Here We Go Again was produced by Steve Buonanotte, mixed by Grammy Award-winning mix engineer Jeff Juliano (John Mayer, Train, Jason Mraz, Dave Matthews Band), and is available on iTunes.

The Making of Here We Go Again

“It really is, in the simplest terms, me telling the story of the places I’ve been and the places I’m going,” says singer/songwriter Michael Nappi of his debut album, Here We Go Again. “It’s both a look back at those defining moments that have shaped who I am today and a looking forward to facing things to come.”

Still, one could argue, there’s a certain irony to naming your debut album Here We Go Again. “I guess,” the New York native acknowledges, smiling. “But, look,” he continues with his trademark candor, “I’ve been doing this my whole life. To me, this album is the culmination of years of the proverbial blood, sweat, and tears. I’ve been writing and performing music in one form or another for as long as I can remember.”

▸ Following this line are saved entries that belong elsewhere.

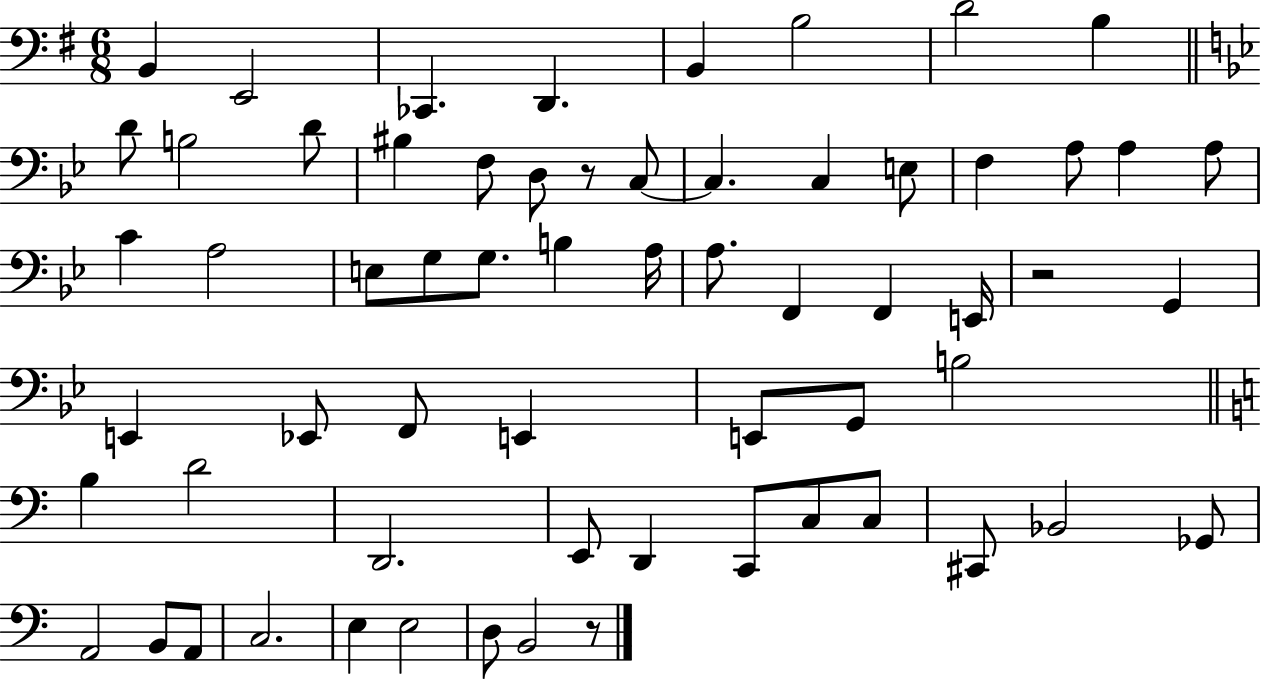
X:1
T:Untitled
M:6/8
L:1/4
K:G
B,, E,,2 _C,, D,, B,, B,2 D2 B, D/2 B,2 D/2 ^B, F,/2 D,/2 z/2 C,/2 C, C, E,/2 F, A,/2 A, A,/2 C A,2 E,/2 G,/2 G,/2 B, A,/4 A,/2 F,, F,, E,,/4 z2 G,, E,, _E,,/2 F,,/2 E,, E,,/2 G,,/2 B,2 B, D2 D,,2 E,,/2 D,, C,,/2 C,/2 C,/2 ^C,,/2 _B,,2 _G,,/2 A,,2 B,,/2 A,,/2 C,2 E, E,2 D,/2 B,,2 z/2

The third of six children, Nappi’s passion for music began at an early age with his introduction to his father’s vintage LPs. The Beatles, along with classic crooners like Johnny Cash and Elvis, captivated the youngster and sparked many an impromptu performance, most often staged on his apartment building’s courtyard benches – and, on one auspicious occasion, on the hood of the superintendent’s green Pontiac, a disastrous foray which ended with the young Nappi snapping the antenna in half and tumbling off the car.

Undeterred, and armed with a trumpet from his fourth-grade music class, Nappi’s budding showmanship continued when he began serenading his neighbors from the family’s front steps with everything from Taps to classic Chicago riffs. “The trumpet was a blast,” he remembers. “But I discovered it’s kinda hard to play it and sing at the same time, so I started sneaking into my older brother’s room to pick at his acoustic guitar and play songs I could sing to. I was hooked.” He later added bass guitar and keyboards to his instrumental repertoire and, by his mid-teens, was an accomplished musician, composing, recording and performing his own music locally.

Nappi spent several years honing his craft in original and cover bands and, in a return to his acoustic roots, in the occasional solo gig. “I love being on stage, and I can’t imagine not performing. Whether it’s been to five people slung over their bar stools or to sold out crowds in 5,000-seat theaters, I’ve always considered it a privilege to work as a musician,” he says. “And, of course, I was always writing.”

Inspired in equal measure by legends like James Taylor, Michael McDonald, and Stevie Wonder, and some of today’s freshest and most inventive artists, including John Mayer, Jason Mraz and Train’s Pat Monahan, Nappi’s passion for songwriting has only deepened. “The craftsmanship, eloquence and intelligence of their songs are unparalleled,” he says. “I’ve listened to James Taylor and thought, ‘Why would I ever write another love song? It’s been done to perfection.’ But, on the other hand, it sure makes me want to try. These artists raise the bar. They are the Shakespeares of our time.”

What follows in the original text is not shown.